Everything in the listing that follows should be reproduced exactly except the pictures.

• _Material provided_:
------------------------------

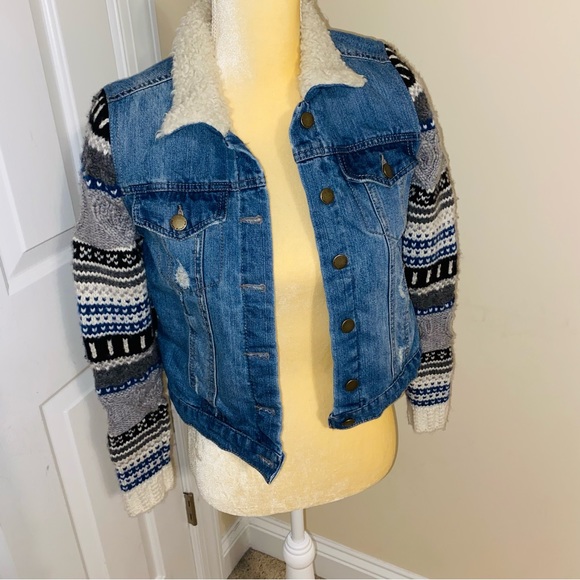 🎉3xHP🎉 Rachel Roy Shearling Denim Jacket Sweater Sleeves XS - Picture 5 of 9
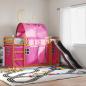 Preview: Etagenbett mit Rutsche und Gardinen Rosa 90x200 cm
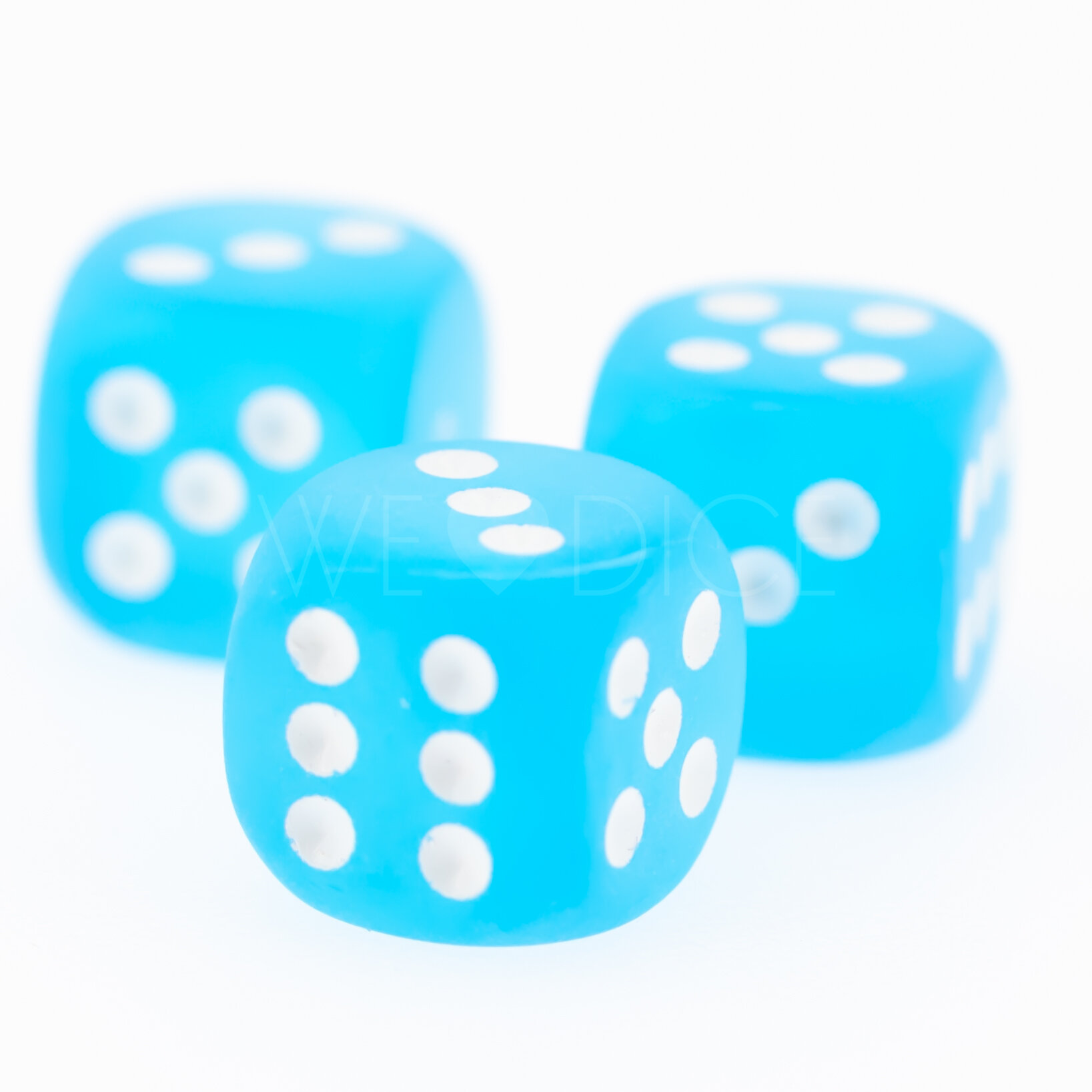 Frosted Karibikblau / Weiß 12mm W6 Würfel mit Punkten (1 Stück)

------------------------------

• _Exercise response_:
 🎉3xHP🎉 Rachel Roy Shearling Denim Jacket Sweater Sleeves XS - Picture 5 of 9
 Preview: Etagenbett mit Rutsche und Gardinen Rosa 90x200 cm
 Frosted Karibikblau / Weiß 12mm W6 Würfel mit Punkten (1 Stück)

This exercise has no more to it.